* [Problem] Begin at the top of the records below and return each line exactly through the line with "দিল্লির হোটেলে ভয়াবহ". Skip pictures.

Scraped caption text data
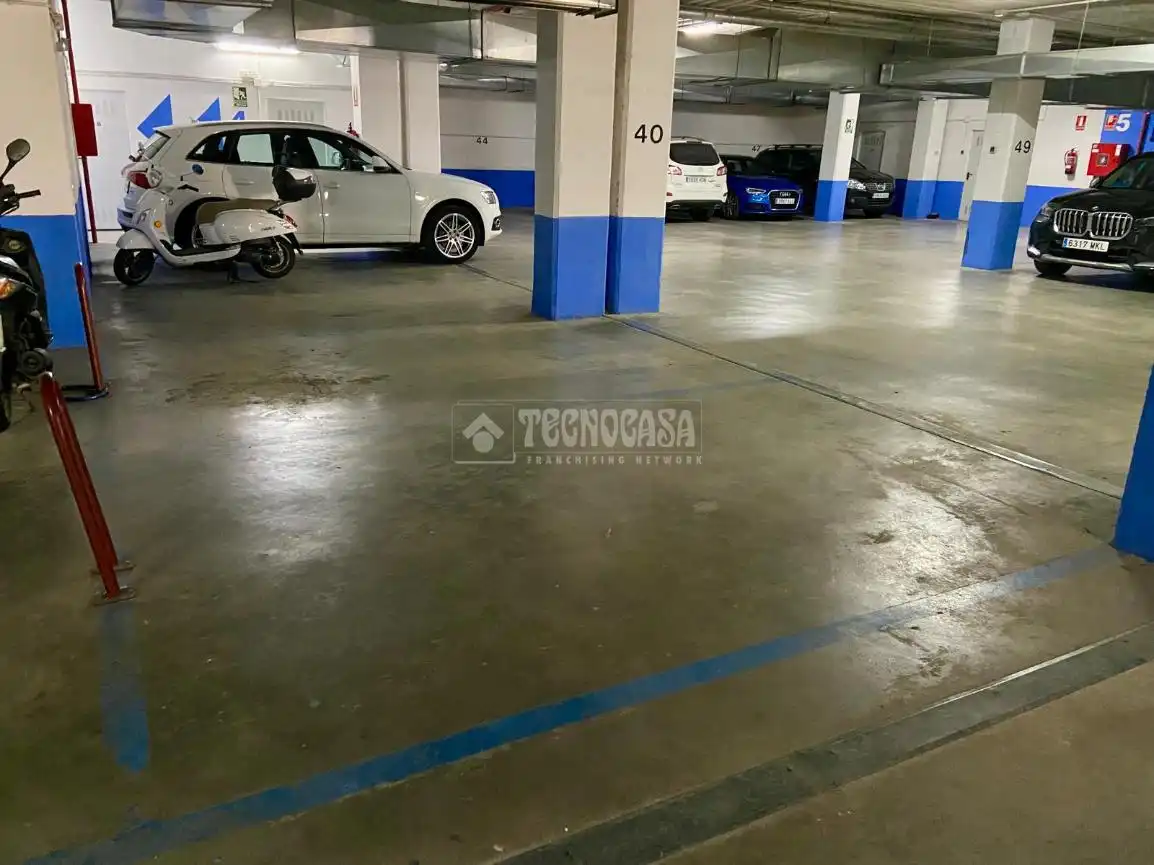 Parkplatz von Garage zum Verkauf in Armilla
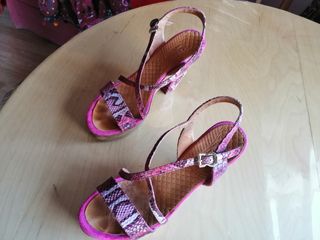 Sandalias Animal Print Fucsia Talla 39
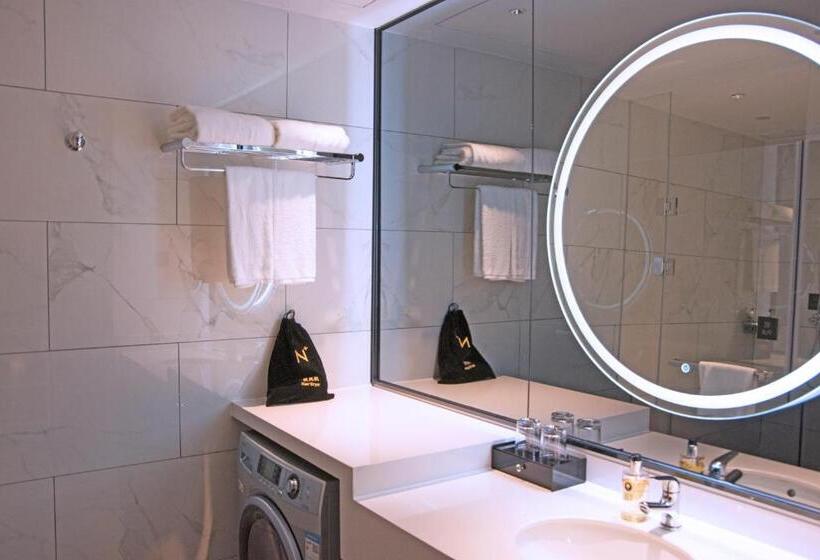 Номер Deluxe, La Yarda Hotel Guangzhou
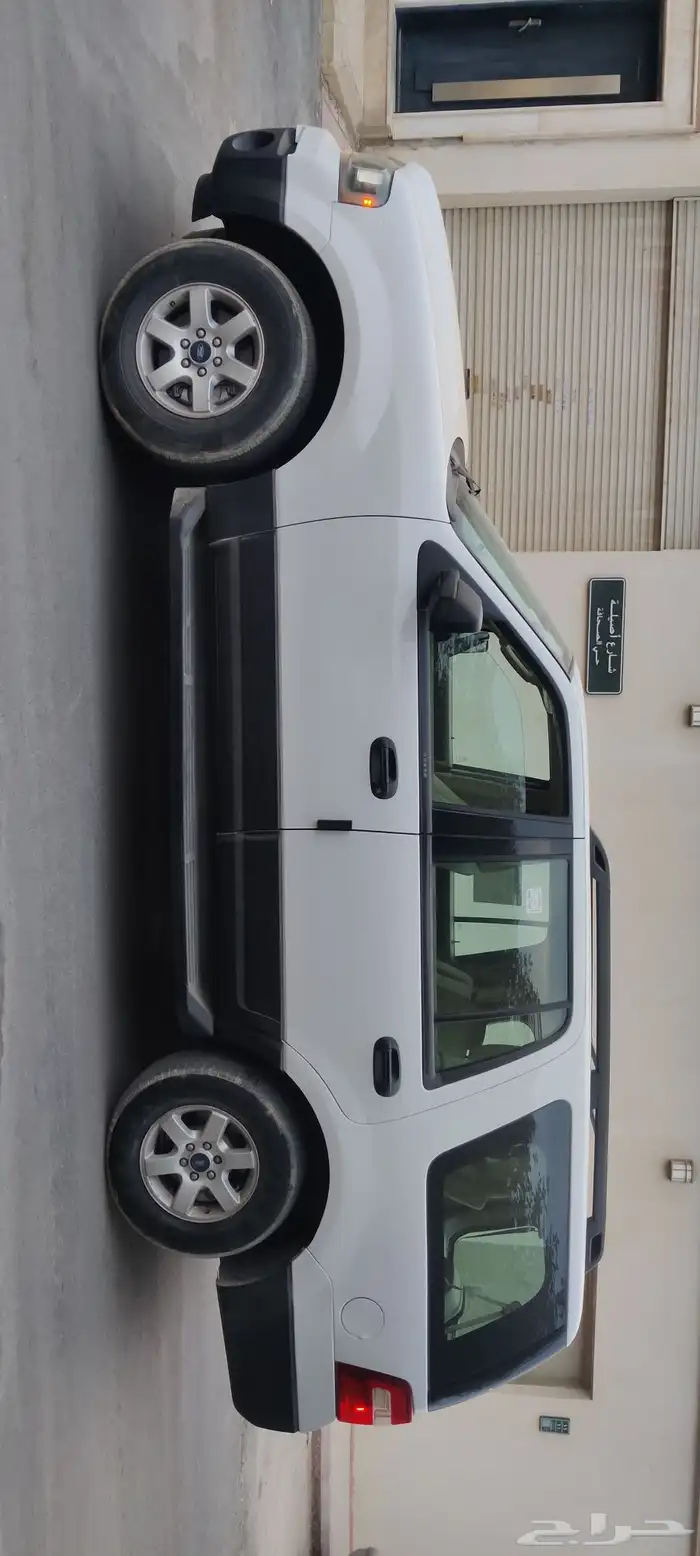 فورد اكسبدشن دبل ابيض2016 ماشي 212000 فيه 3قطع رش خارجي 2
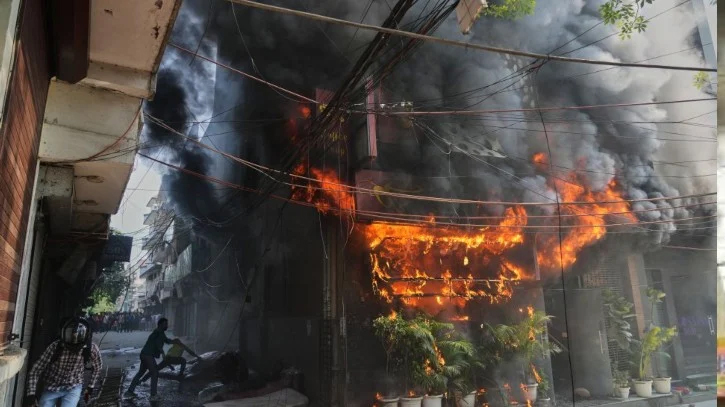 দিল্লির হোটেলে ভয়াবহ অগ্নিকাণ্ডে নিহত ২১, প্রাণ বাঁচাতে ভবন থেকে লাফ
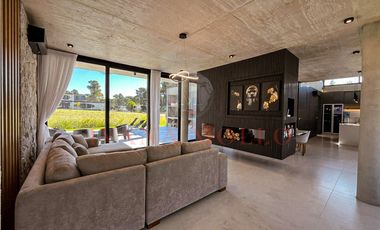 CASA EN VENTA EN BARRIO PRIVADO - PIONEROS PINAMAR - 6 AMB. CON PILETA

* [Result of the task]
 Parkplatz von Garage zum Verkauf in Armilla
 Sandalias Animal Print Fucsia Talla 39
 Номер Deluxe, La Yarda Hotel Guangzhou
 فورد اكسبدشن دبل ابيض2016 ماشي 212000 فيه 3قطع رش خارجي 2
 দিল্লির হোটেলে ভয়াবহ অগ্নিকাণ্ডে নিহত ২১, প্রাণ বাঁচাতে ভবন থেকে লাফ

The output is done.